Science Panel Says Human Activity Key Trigger in Global Warming

By  Rosanne Skirble
Washington DC

Human activity is having a measurable impact on one of the key triggers for global climate change -- the temperature of the world's oceans. That's the conclusion of a panel of U.S. researchers, presented at a recent meeting of the American Association for the Advancement of Science.

Most scientists now believe that the Earth's climate is warming. "Approximately 90% of that warming has gone directly into the oceans," says marine physicist Tim Barnett. "So if you want to find out what is causing it, that's the place to look."

Mr. Barnett, a researcher with the Scripps Institution of Oceanography in San Diego, California, gathered evidence from computer models and field observations. The results of his study show rising ocean temperatures are directly related to human activity.

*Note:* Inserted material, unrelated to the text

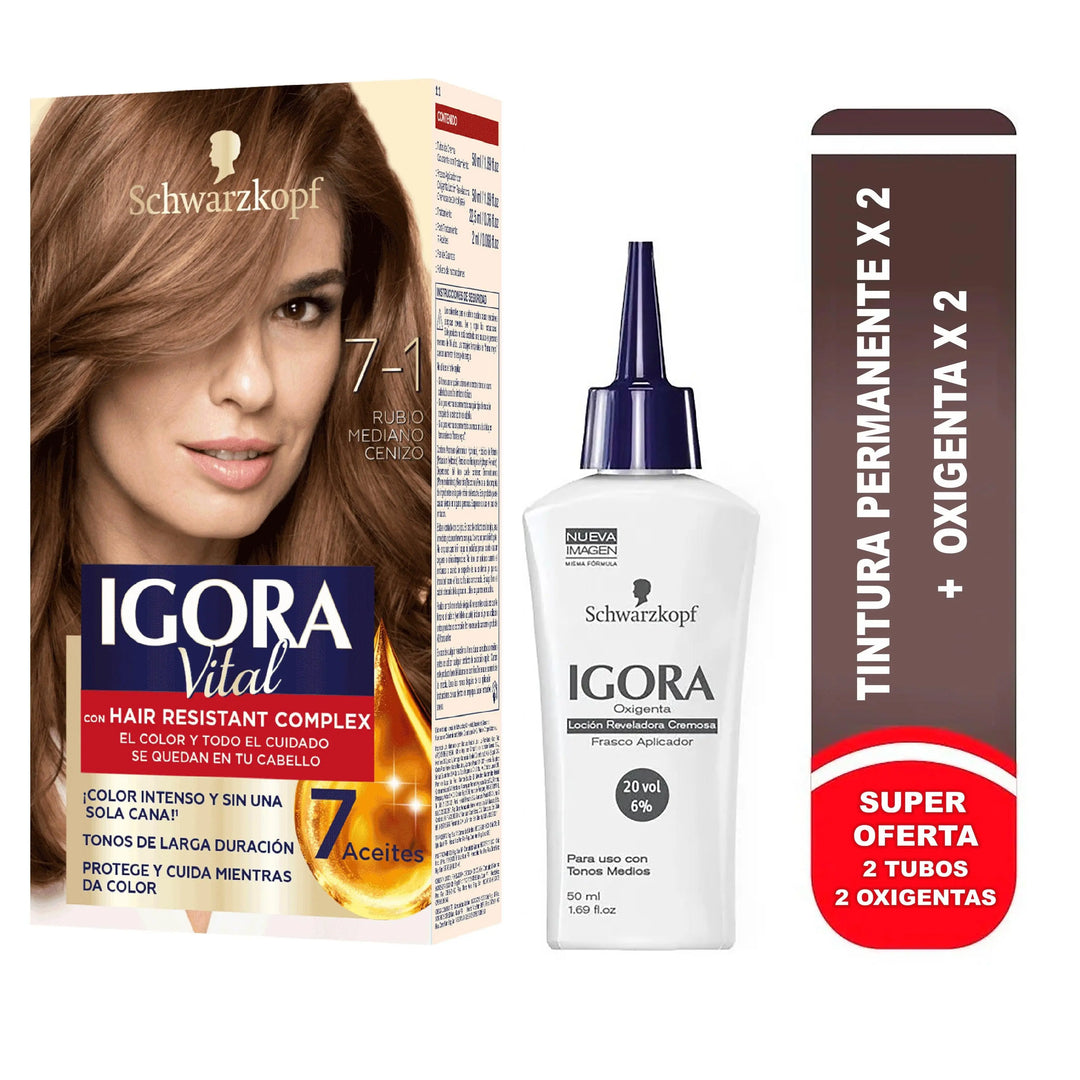 Igora Vital Tinte Doble Tubo 7-1 Rubio Mediano Cenizo - Magic Mechas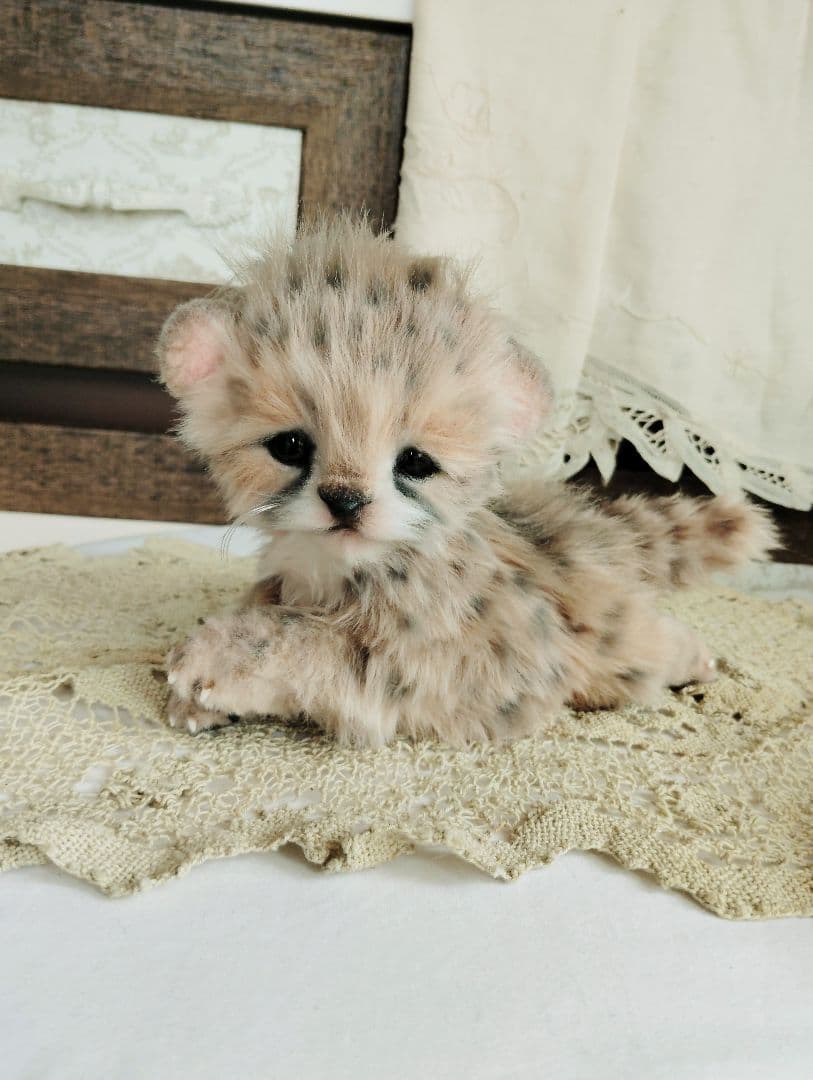 生後1ヶ月♡チーターベビー♡アートドール♡ぬいぐるみ♡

"Could the climate system simply do this on its own?" he asks. "The answer was clearly no. We looked at the possibility that solar changes and volcanic effects could cause the warming. Not a chance. What absolutely nailed it [confirmed it] was greenhouse warming. Two models, one from here and one from England, got the observed warming exactly (so much so that) we were stunned by the degree of similarity between the observations and the models."

Mr. Barnett says the new data paint a disturbing picture of global climate change. "The temperature driven impacts in things like regional water that these models predict in the next 20 or 30 years are severe," he says, "not only for the Western United States, but for places like China and Peru, anywhere that a temperature increase can cause a problem, anywhere that has a main water source that is fed by snow, anywhere that has a main water source fed by glacial melt as Western China does. Three hundred million people depend on that more or less for their summer water supply."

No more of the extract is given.